Please copy out each line of the entries in which "Photo" appears.

(DATA EXCERPTS)

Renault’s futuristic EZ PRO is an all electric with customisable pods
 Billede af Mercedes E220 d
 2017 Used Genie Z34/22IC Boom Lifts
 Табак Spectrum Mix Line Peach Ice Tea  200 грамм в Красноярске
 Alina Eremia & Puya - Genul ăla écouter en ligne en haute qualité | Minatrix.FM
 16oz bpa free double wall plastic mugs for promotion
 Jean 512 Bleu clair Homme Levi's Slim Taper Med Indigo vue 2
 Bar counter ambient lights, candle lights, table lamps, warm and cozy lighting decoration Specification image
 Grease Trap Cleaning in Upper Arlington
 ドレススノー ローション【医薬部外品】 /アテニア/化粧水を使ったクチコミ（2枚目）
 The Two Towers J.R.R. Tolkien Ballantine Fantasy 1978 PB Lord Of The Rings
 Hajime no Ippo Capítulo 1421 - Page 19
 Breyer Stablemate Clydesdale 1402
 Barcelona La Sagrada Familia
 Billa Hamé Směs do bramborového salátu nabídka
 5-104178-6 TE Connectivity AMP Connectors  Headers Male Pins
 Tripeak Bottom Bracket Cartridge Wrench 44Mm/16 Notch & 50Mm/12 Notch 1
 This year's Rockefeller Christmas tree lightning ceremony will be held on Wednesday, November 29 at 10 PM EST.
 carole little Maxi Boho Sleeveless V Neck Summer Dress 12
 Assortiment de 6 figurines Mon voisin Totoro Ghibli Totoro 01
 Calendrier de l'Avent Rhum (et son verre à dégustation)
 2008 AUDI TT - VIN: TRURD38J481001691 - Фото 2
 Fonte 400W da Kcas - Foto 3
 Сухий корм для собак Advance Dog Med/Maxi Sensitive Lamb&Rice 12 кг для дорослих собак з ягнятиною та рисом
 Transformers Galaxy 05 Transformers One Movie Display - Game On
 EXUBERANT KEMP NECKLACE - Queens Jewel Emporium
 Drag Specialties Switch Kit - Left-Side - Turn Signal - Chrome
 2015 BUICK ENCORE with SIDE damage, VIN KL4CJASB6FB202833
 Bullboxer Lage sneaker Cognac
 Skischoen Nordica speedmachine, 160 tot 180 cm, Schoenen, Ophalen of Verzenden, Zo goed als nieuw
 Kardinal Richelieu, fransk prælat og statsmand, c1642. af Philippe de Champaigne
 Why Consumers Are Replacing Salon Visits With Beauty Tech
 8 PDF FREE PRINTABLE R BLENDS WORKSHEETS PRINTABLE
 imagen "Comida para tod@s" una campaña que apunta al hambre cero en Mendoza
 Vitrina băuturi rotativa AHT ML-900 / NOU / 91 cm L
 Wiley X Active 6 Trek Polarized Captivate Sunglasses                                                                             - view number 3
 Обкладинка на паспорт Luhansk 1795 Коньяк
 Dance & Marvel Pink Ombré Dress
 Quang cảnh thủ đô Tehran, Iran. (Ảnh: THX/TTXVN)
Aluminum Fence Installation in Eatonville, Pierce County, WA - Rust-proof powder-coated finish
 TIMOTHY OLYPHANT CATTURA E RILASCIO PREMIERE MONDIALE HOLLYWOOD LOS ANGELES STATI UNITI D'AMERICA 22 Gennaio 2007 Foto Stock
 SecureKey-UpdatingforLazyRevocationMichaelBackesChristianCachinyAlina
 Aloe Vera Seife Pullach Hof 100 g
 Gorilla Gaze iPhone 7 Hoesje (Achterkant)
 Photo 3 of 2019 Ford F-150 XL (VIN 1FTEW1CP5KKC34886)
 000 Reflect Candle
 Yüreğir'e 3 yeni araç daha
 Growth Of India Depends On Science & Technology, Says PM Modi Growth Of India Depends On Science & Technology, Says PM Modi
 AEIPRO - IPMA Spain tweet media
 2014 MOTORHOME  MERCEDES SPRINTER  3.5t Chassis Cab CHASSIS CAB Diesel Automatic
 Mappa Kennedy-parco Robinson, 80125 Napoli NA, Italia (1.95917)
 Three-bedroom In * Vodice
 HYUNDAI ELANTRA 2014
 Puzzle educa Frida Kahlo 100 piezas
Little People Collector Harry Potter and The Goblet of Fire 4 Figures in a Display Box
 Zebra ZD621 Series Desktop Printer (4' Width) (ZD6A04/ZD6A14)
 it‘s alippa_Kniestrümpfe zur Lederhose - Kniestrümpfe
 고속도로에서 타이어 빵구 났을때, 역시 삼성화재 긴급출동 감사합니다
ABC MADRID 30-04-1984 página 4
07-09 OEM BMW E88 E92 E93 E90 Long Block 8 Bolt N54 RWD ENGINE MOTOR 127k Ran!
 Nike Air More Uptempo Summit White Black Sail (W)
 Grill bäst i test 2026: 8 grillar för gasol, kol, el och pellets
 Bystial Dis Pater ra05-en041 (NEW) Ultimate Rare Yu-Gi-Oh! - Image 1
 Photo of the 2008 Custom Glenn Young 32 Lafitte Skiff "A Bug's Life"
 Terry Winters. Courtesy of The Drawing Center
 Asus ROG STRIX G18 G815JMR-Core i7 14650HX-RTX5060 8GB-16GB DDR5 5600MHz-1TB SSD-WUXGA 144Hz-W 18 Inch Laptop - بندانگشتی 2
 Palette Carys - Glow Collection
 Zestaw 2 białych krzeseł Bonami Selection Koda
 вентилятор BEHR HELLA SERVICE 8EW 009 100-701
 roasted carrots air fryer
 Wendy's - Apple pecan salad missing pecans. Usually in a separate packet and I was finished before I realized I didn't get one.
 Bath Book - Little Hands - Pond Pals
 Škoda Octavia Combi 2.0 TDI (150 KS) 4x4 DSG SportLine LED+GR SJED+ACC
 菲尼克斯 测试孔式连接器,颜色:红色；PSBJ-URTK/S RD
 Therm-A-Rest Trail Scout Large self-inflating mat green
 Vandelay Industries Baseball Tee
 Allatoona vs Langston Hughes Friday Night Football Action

(End DATA EXCERPTS)

# WRITTEN REPLY
 Photo 3 of 2019 Ford F-150 XL (VIN 1FTEW1CP5KKC34886)
 Photo of the 2008 Custom Glenn Young 32 Lafitte Skiff "A Bug's Life"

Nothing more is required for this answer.